19th April 2015
A Stroll through the town of Poole in Dorset
When the sea fret rolled in across Poole Quay I thought that was the end of my day out in Poole but then I began to enjoy this ethereal experience and the sound of shipping hooting in the harbour close by. So I kept to my plan to treat myself to some chips and sit on the harbour wall to eat them – but I only had Lord Baden Powell for company. The life size sculpture was erected on the quay to celebrate the founding of the Scout Movement in 1908 following the success of an experimental camp on Brownsea Island in Poole Harbour.
Emerging through the swirling mists I could see a strange shape on the water’s edge that appeared to be a mixture of viewing platforms and a huge sculpture. It was the the Sea Music Sculpture by Sir Anthony Caro. It was positioned right on the water’s edge to link the sea with the shore and to allow visitors to interact through stairs and platforms and to view the sea, the harbour and the town.
I arrived at the Custom House at the same time as a guided tour of Poole and lingered long enough to learn that it was the site of the most famous incident involving the notorious Hawkhurst Gang that had terrorised the south coast during the eighteenth century. When they were caught with an illegal cargo of tea it was seized, locked in the Custom House on Poole Quay and guarded by a naval ship. In the early hours of the morning, when the guns of the ship dipped below the quayside thirty members of the gang broke into the Custom House and grabbed as much of the tea as they could carry before escaping on horseback. In the aftermath of this raid two innocent people were murdered and as a result the ringleaders of this gang were betrayed, captured and executed thus ending their reign of terror. When this Grade II listed building became redundant as a government building it was allowed to fall into disrepair but it has now been restored to its original Georgian splendour and converted into a bar on the ground floor with a restaurant above.
Next to the Custom House is the Local History Centre church of … which is now the … and also part of which is housed in the old town cellars and forms part of the Poole Museum through which it is accessed. I was enticed inside this museum by the sight of an old fire engine in the glass fronted entrance to the building, an eighteenth century harbour warehouse.
Once inside I soon discovered that the museum was much larger than it had appeared from the outside and was beautifully laid out and featured many fascinating exhibits. I learnt about the history of Poole pottery, the mysterious Swash Channel Wreck, the extraordinary Poole longboat and life in Poole during the 1950s
Emerging from the museum I discovered that the mist had vanished and the sun was shining and all the buildings around me took on a new attraction. In particular the Tudor style sixteenth century building that now houses the King’s Head public house. Next door is a very special building. Scaplens Court is a Grade 1 Listed Building and a Scheduled Ancient Monument. The building is only open to the public in August and I was too early to visit the gardens as they do not open until May.

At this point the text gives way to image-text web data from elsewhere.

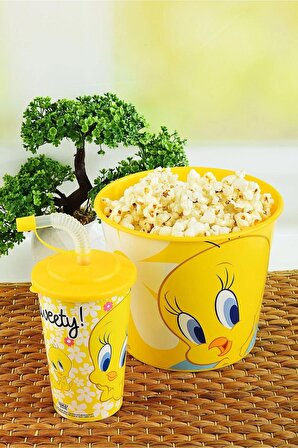 Tweety Mısır & Popcorn Kutusu+Kapaklı Pipetli Bardak 400 ml.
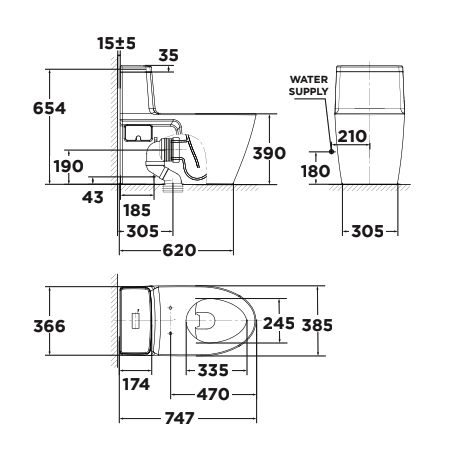Bồn cầu 1 khối American Standard VF-1808 (VF1808) nắp êm dòng Acacia Evolution VF-1808 - 2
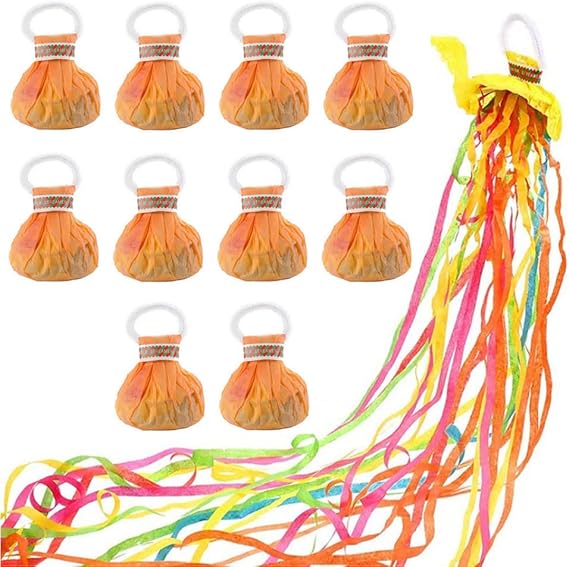 10 Pieces Streamers Popper Throw Streamers Party Poppers Colorful Hand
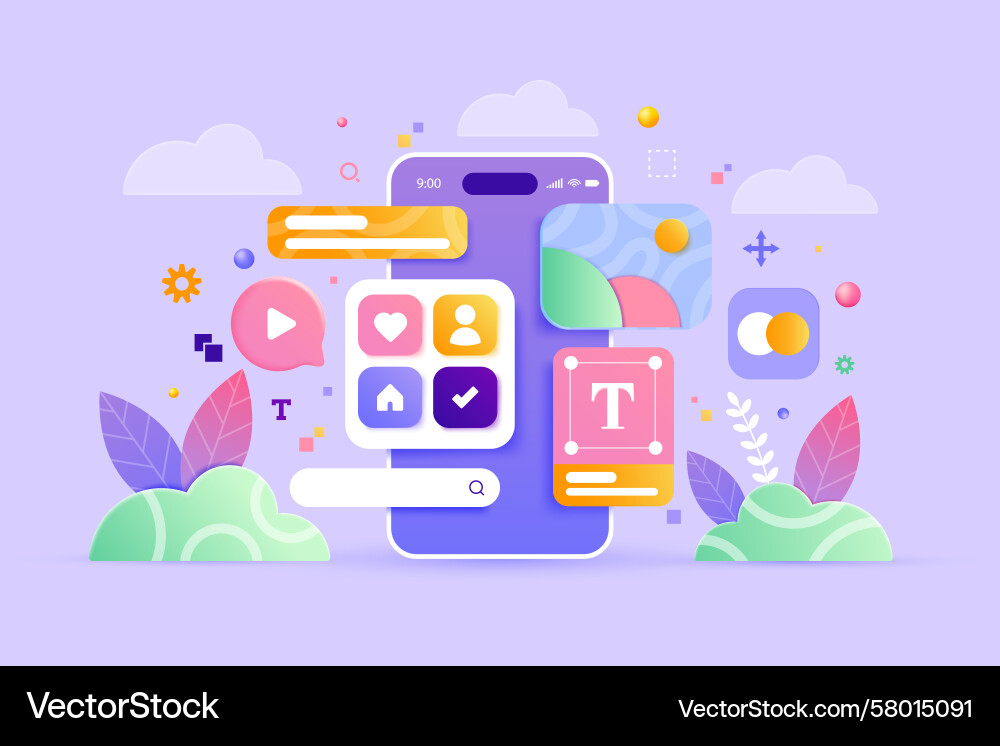 Modern App Development Concepts Vector Image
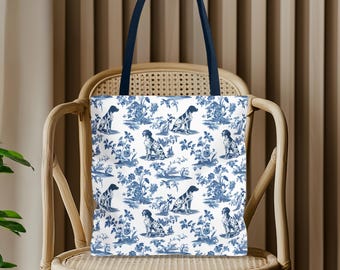 Deutsch kurzhaariger Pointer Toile Einkaufstasche, GSP Blaue französische Toile Alltagstasche für Bücher Einkaufen, Hundeliebhaber Toile de Jouy wiederverwendbare Eco-Tasche
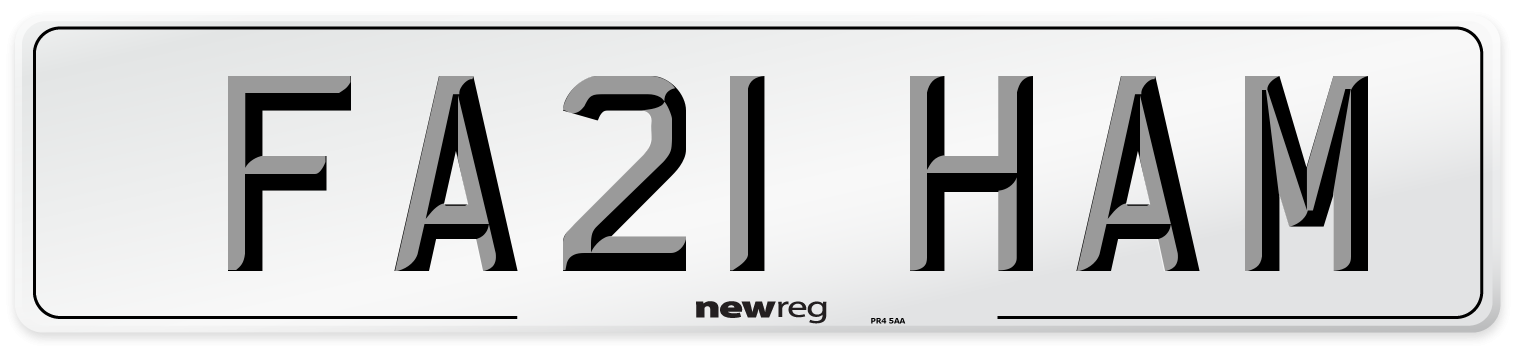 FA21 HAM Number Plate from New Reg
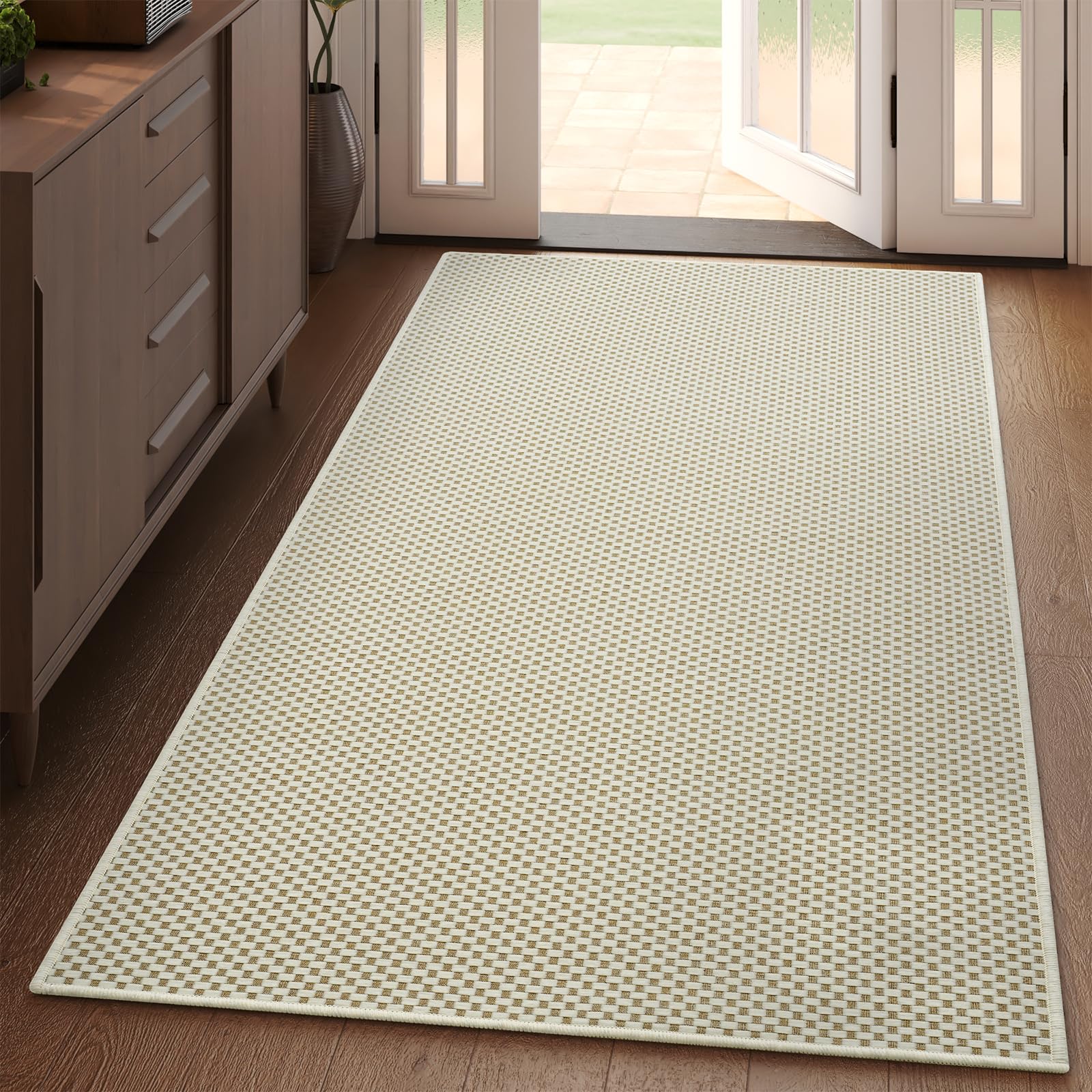 YDKGL Boho Washable Area Rugs 5x7 ft, Non Slip Area Rug for Living Room, Braided Office Rugs Bedroom Rug Woven Washable Indoor Floor Carpets for Office Dining Bedroom Living Room, Easy to Clean, Brown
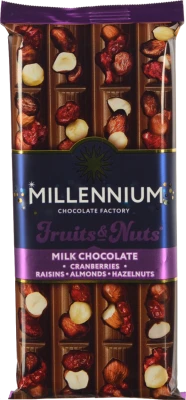 Шоколад молочний з мигдалем цілими лісовими горіхами журавлиною та родзинками Fruits&Nuts Millennium м/у 90г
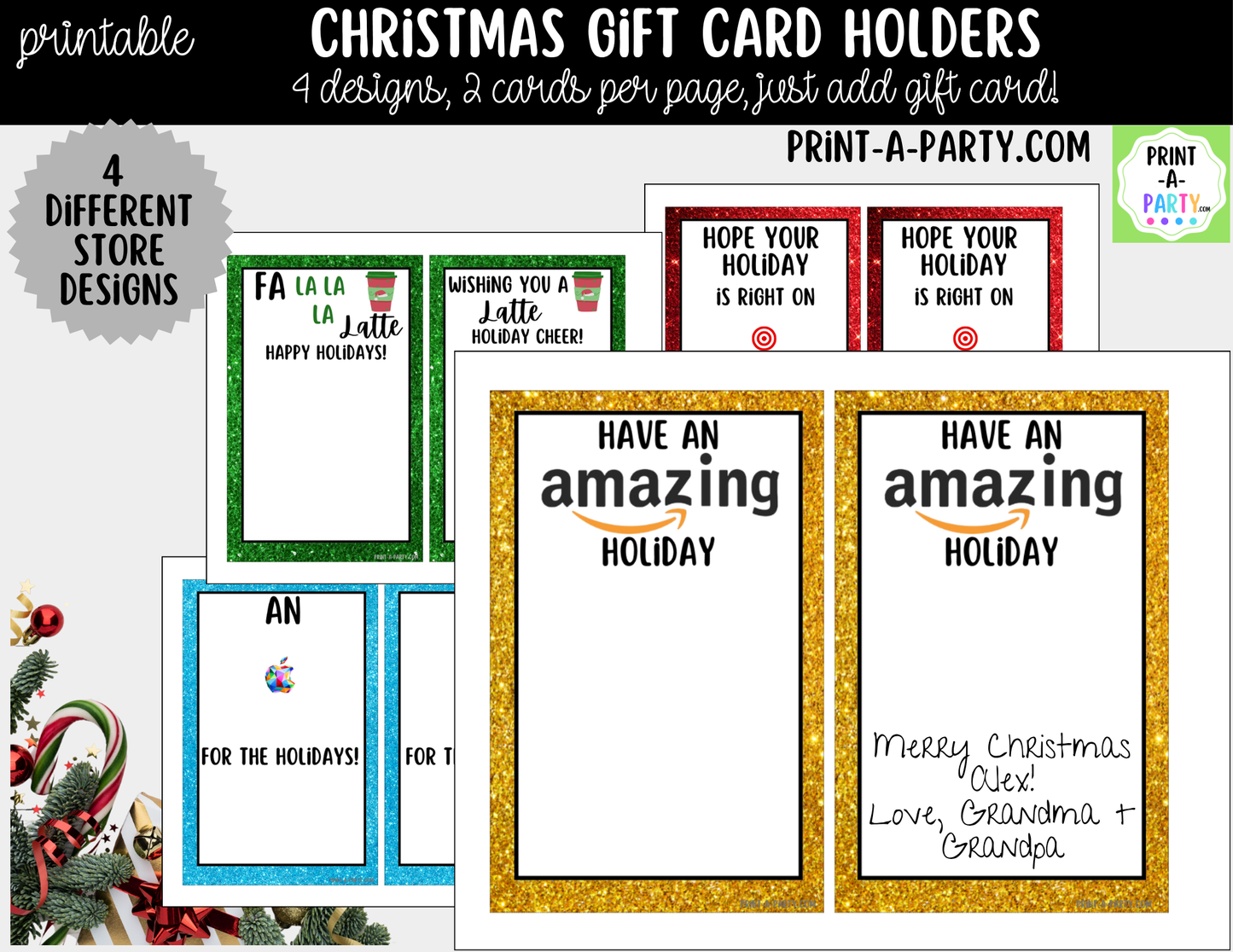 Printable Christmas Gift Card Holders - Holiday Gift Card Sleeve Templates for Teachers and Friends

It was time for a break so I made my way along the High Street to Caffé Nero which is housed in a very unusual building which was constructed in 1928 as a showroom for the Bournemouth Gas and Water Company. The offices of this company were in the building next door, an attractive mansion called Beech Hurst, and so was the original showroom. Because this showroom could not be seen from the outside the company decided to build a separate showroom which was designed to ensure it did not obstruct the front view of Beech Hurst and to harmonise with its classical features. On the other side of Caffé Nero is the Lord Wimborne public house which occupies a building donated to Poole in 1887 by John Norton, a local timber merchant.
My favourite building in the High Street is the Victorian shop front of Boone’s the ironmongers.
And I was fascinated by the presence of a level crossing to protect pedestrians from the trains that travel regularly between Waterloo and Weymouth. The railway line is spanned by a cast iron footbridge built in 1874 and still in use today.
On the far side of the modern Dolphin Shopping Centre, beyond the bus station I found the the Lighthouse Centre of Arts Centre of Arts and went inside to have a look around. This centre which includes a theatre and several small galleries was opened in 1978 as a response to the lack of cultural facilities in South East Dorset and I felt it had succeeded in it mission as I admired a collection of ceramic heads, a display of sculpted cakes and a gallery of computer generated paintings.
As the sun was still shining I could not resist quick visit to the very popular Poole Park. Since it opened in 1890 it has always been a peoples park and today there were lots of people around feeding the ducks and swans on the lakes, boating on the water, putting on the crazy golf course or just sitting in the beautiful gardens.
Of course no visit to Poole would be complete without visiting Poole Pottery. The town has been the home of Carter & Co (later Poole Pottery) since 1873 and although the original Poole Pottery factory was demolished in 2001 it is still possible to watch a potter at work in the Poole Pottery showroom that displays the beautiful pottery that is now made elsewhere.